Short descriptive text snippets:
========
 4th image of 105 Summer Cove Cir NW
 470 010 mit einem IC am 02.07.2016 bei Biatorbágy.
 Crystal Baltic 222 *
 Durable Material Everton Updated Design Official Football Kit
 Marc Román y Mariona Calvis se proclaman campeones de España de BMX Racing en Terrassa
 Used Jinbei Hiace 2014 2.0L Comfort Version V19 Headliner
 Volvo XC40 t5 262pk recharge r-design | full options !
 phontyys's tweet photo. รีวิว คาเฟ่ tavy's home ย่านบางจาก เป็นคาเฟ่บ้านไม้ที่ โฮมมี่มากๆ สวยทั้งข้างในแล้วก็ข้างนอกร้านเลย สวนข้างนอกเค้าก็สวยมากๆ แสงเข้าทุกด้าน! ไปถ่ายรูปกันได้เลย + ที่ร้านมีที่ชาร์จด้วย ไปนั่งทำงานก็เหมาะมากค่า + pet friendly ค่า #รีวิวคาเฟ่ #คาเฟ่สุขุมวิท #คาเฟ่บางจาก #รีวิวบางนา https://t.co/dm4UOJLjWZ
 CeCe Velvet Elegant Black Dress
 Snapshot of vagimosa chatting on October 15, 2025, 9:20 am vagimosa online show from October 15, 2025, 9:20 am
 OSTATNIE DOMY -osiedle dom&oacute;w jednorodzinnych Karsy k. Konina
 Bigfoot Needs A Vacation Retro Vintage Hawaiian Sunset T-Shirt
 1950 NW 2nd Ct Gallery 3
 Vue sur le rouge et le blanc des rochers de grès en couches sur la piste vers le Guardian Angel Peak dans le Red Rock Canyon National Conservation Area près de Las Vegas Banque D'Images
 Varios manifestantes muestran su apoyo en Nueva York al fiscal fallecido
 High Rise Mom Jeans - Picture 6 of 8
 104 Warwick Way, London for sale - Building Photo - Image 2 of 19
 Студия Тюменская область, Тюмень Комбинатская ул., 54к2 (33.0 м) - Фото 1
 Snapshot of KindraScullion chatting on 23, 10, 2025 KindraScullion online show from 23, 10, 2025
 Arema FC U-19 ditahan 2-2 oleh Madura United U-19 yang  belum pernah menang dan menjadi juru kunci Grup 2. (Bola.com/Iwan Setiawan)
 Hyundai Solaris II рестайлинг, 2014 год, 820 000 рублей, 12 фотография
========
* _WORK TO COMPLETE_
Search the data for the word "from" and copy each line where it appears.

* _RESULT FOR THIS TASK_
 Snapshot of vagimosa chatting on October 15, 2025, 9:20 am vagimosa online show from October 15, 2025, 9:20 am
 Snapshot of KindraScullion chatting on 23, 10, 2025 KindraScullion online show from 23, 10, 2025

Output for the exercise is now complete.